Overwhelmed by choices? Consider the Nepali set meal. For $25, you get a taste of four selections delivered on a slender wooden tray: a choice of entree — go for the succulent goat, seemingly free of bones and pungent with cilantro — and a trio of side dishes, including a vibrant cauliflower curry and stir-fried mustard greens.
Most of the food is so riveting, you find yourself oversampling. (Insert raised hand.) “Very spicy,” the menu warns about pork curry, whose green and red Thai chile heat permeates each eye-popping morsel. But even the tamer yak stew, warm with cumin and garam masala and filled out with zucchini, sustains interest to the end.
The owners put diners on a pedestal in just about every way imaginable. The 90 or so seats inside include booths, circular tables (hello, book clubbers!) and a spot for 10 near a hearth, plus a stack of booster seats near the entrance that signals diners of all ages are welcome. Floating near the Himalaya-high ceiling are fabric panels that do their best to sponge the sound from a crowd and concrete floors below. That colorful cotton napkin in your lap? Jarga’s father, a tailor, is responsible for the handmade Dhaka.
The cocktail and wine lists look like compilations you’d find at a hot spot in Washington; their author, Jarga, is a veteran of the cruise industry, where he cooked, and the Watergate Hotel, where he tended bar. Some like it hot, and for them there’s Amilo Piro, tequila and triple sec refreshed with lime and grapefruit — just $8 at happy hour.
Himalayan Wild Yak might be young, but it performs like an old pro.
The restaurant opened with butter chicken on its menu but slowly added more Indian dishes as the owners noticed Indian diners filling most of their seats. Chana masala thrums with ginger and garlic paste, while lamb korma—one of the lightest and most luscious versions around—features soft bites of meat in a dark golden gravy thickened with yogurt and cashew paste. Blistered in the tandoor, the fluffy naan helps erase the last of any sauce.

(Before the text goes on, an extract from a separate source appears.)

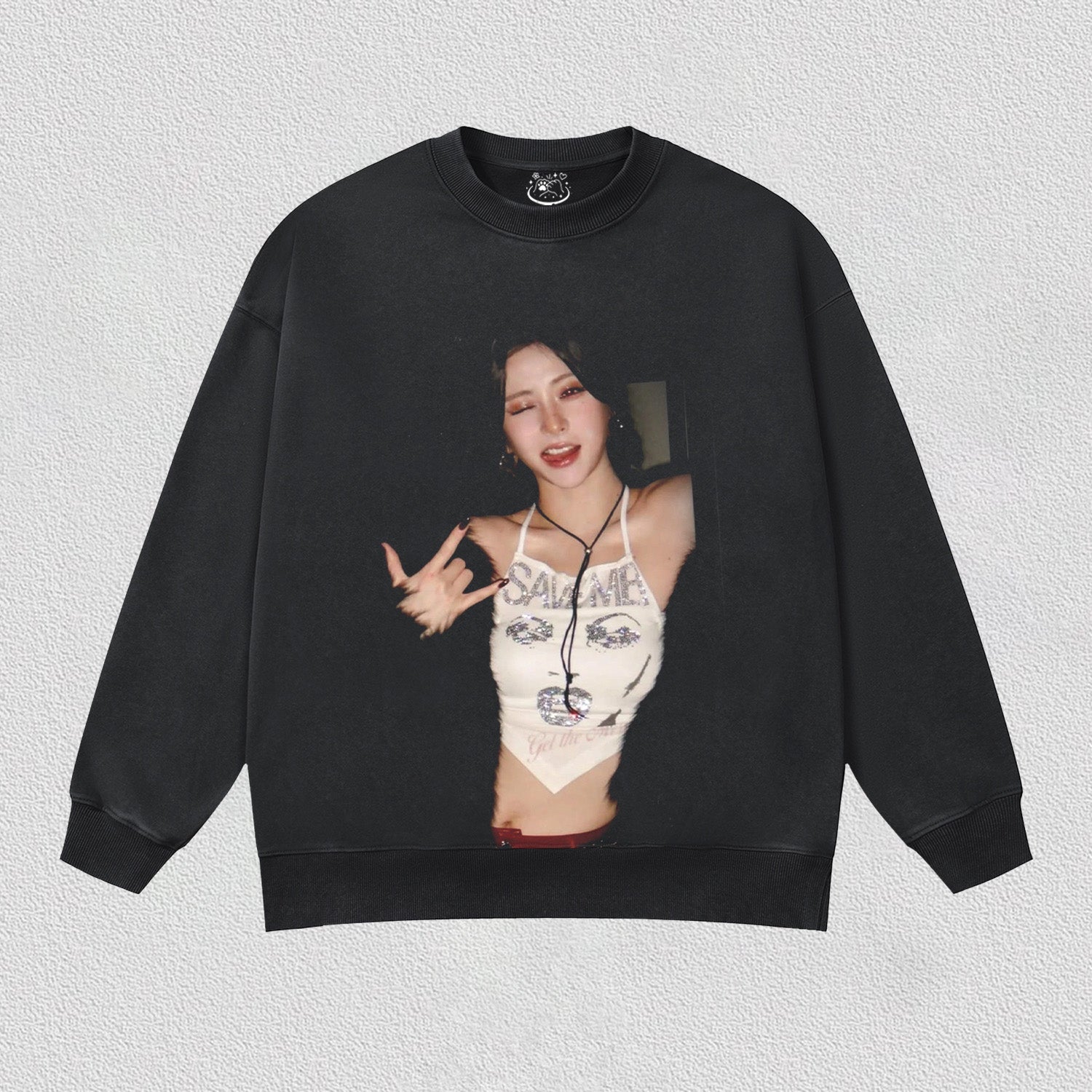 LE SSERAFIM HUH YUNJIN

If you’re looking to winnow some choices, pass on the oily fried kale, weighed down with sweet yogurt, the bland black dal included in the set meal, and the warm chocolate cake. The last is fine, but kurauni is the more traditional Nepalese ending. Among the kitchen’s more labor-intensive dishes, this one involves milk over low heat for five or more hours before adding saffron, cardamom powder and a touch of sugar. The surface of the pleasantly grainy confection pops with crimson pomegranate seeds.
My modus operandi is to restrain myself enough in the dining room to take home leftovers. Trust me, chow mein and momos are a welcome sight when it’s midnight and your stomach growls for attention.
It should come as no surprise that Himalayan Wild Yak packs whatever you take away in reusable biodegradable green bags. From Rocky to recycling, the restaurant puts customers first.
22885 Brambleton Plaza, Ashburn, Va. 703-760-3710. himalayanwildyak.com. Open: Indoor and outdoor dining and takeout and delivery daily from noon to 9:30 pm Prices: Appetizers $8 to $15, main courses $12 to $35 (biryani for two). Sound check: 70 decibels/Conversation is easy. Accessibility: No barriers at entrance; restrooms are ADA-compliant. Pandemic protocols: Staff wear masks and are vaccinated.